Norbert Bischofberger
President and CEO, Kronos Bio

This looks as good as it can at this point in time, at this stage in development.

Speaker 5

I guess we have one more minute left. I got dibs on it. I'm gonna ask Marty, why are you targeting HER2?

Martin Huber
CEO, Mersana Therapeutics

Well, first of all, there's a lot of HER2 out there, and we get that.

Speaker 5

Yes.

Martin Huber
CEO, Mersana Therapeutics

We heard that question all the time. I think one of the reasons we're looking at this, we have our—for those of you who don't know, it's on Immunosynthen, which is our STING payload. One of the reasons we picked that is, we wanted no target risk whatsoever. And so we were looking for an opportunity to really bring a novel payload. So you, with a STING agonist now, they can have all the cytotoxics in the world, but you still haven't exhausted, like, an IO path.

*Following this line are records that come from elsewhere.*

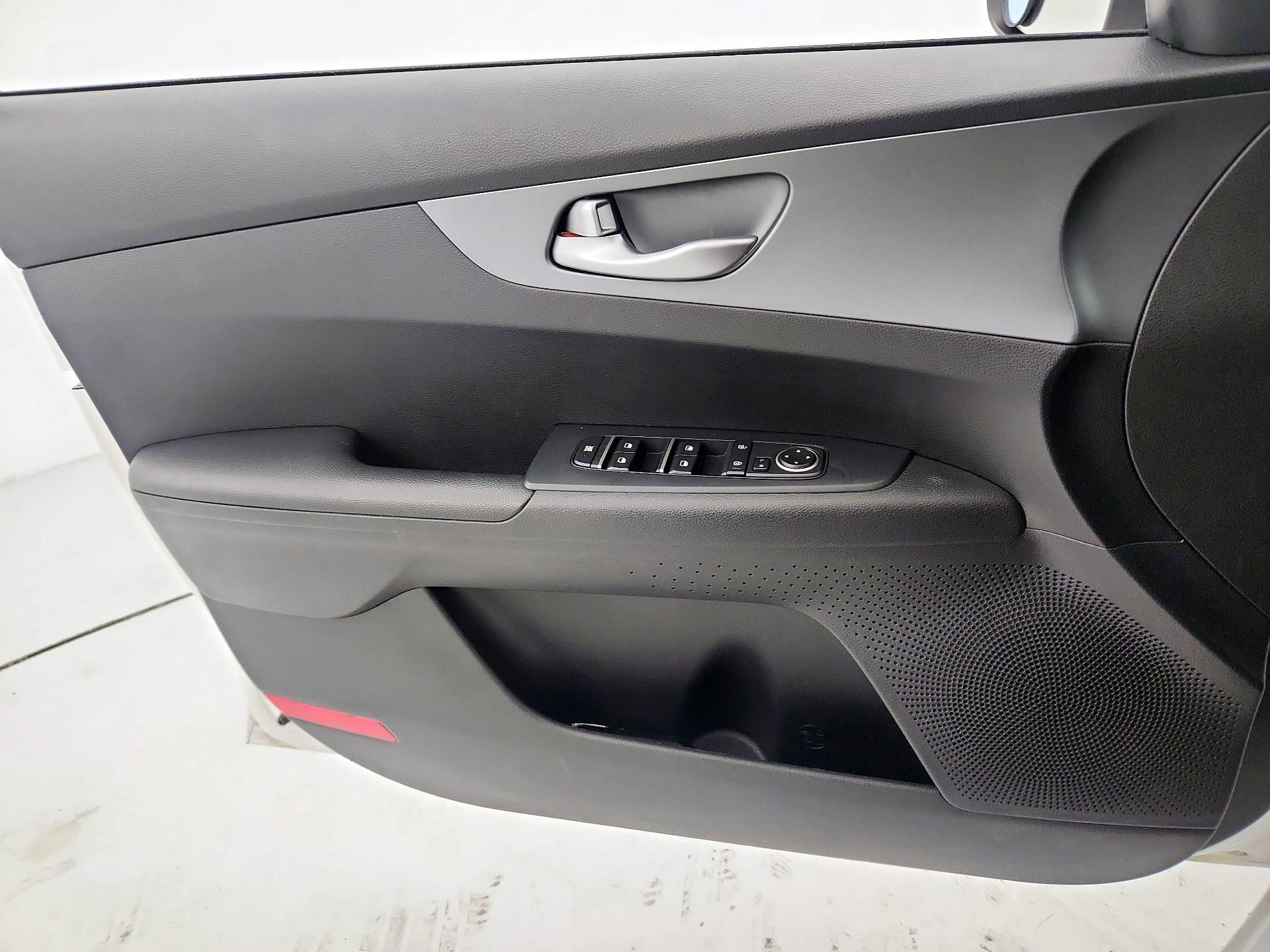 Thumbnail: 2020 Kia Forte - 12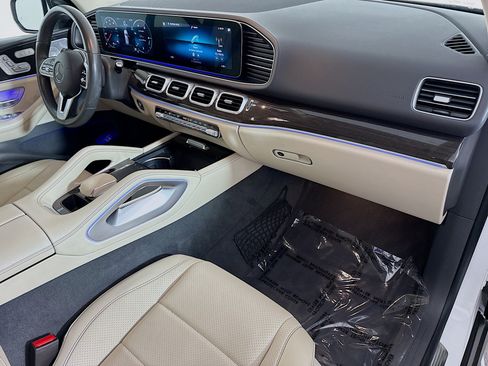 Used 2020 Mercedes-Benz GLE 350 w/ 3rd Row Seat Package image 30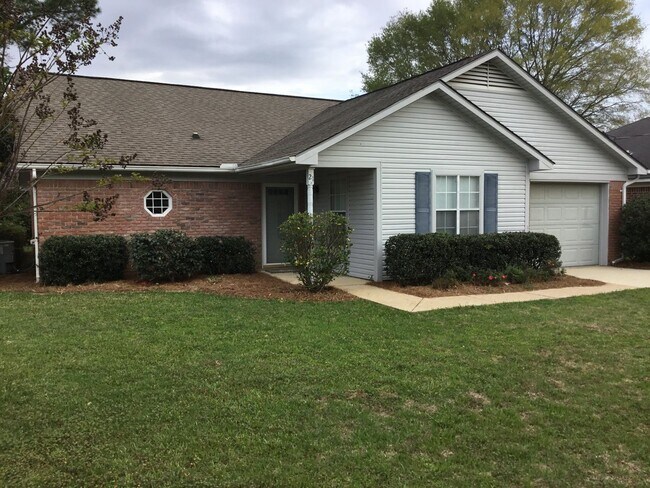 Foto del edificio - UPCOMING FAIRHOPE COTTAGE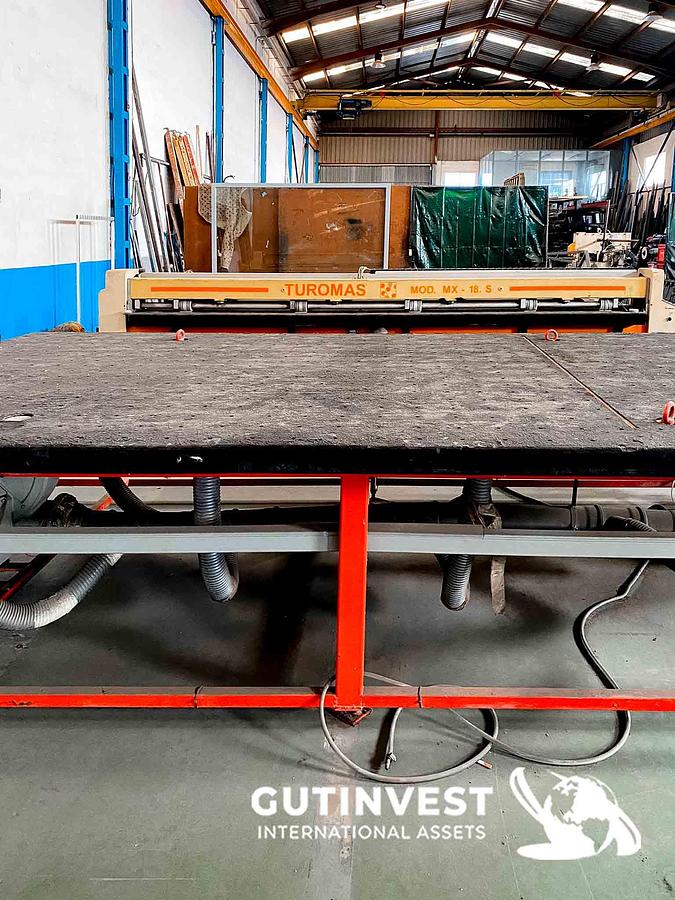 Usado 3 - Mesa de corte para vidrio laminado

And if you think about that, we also did it on a different epitope, so that, in theory, back to the combination theory, we could give two HER2-targeted, one with a traditional payload, as well as then with an immuno-oncology target.

So if you wanna go when you're really doing true, true, true novel platform payload work, you wanna make sure you have a valid target.

Speaker 5

Absolutely. All right. This is beeping at us right now, so I guess that, that is time. I really appreciate you all for being here and giving us your very interesting answers, and for everyone for watching us, thank you very much.